━━ TASK INPUTS

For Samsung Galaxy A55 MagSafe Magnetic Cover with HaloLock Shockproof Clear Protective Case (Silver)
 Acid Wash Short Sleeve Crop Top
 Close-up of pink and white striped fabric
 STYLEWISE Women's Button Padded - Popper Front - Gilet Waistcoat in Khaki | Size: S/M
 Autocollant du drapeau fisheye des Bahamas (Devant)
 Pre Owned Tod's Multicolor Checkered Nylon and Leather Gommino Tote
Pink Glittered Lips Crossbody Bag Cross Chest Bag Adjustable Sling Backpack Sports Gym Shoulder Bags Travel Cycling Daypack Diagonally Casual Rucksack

━━━━

TASK: Set down no line except those from the one with "Close-up of pink and white striped fabric" to the last line of the data, inclusive, each exactly as written.

EXERCISE SOLUTION:
 Close-up of pink and white striped fabric
 STYLEWISE Women's Button Padded - Popper Front - Gilet Waistcoat in Khaki | Size: S/M
 Autocollant du drapeau fisheye des Bahamas (Devant)
 Pre Owned Tod's Multicolor Checkered Nylon and Leather Gommino Tote
Pink Glittered Lips Crossbody Bag Cross Chest Bag Adjustable Sling Backpack Sports Gym Shoulder Bags Travel Cycling Daypack Diagonally Casual Rucksack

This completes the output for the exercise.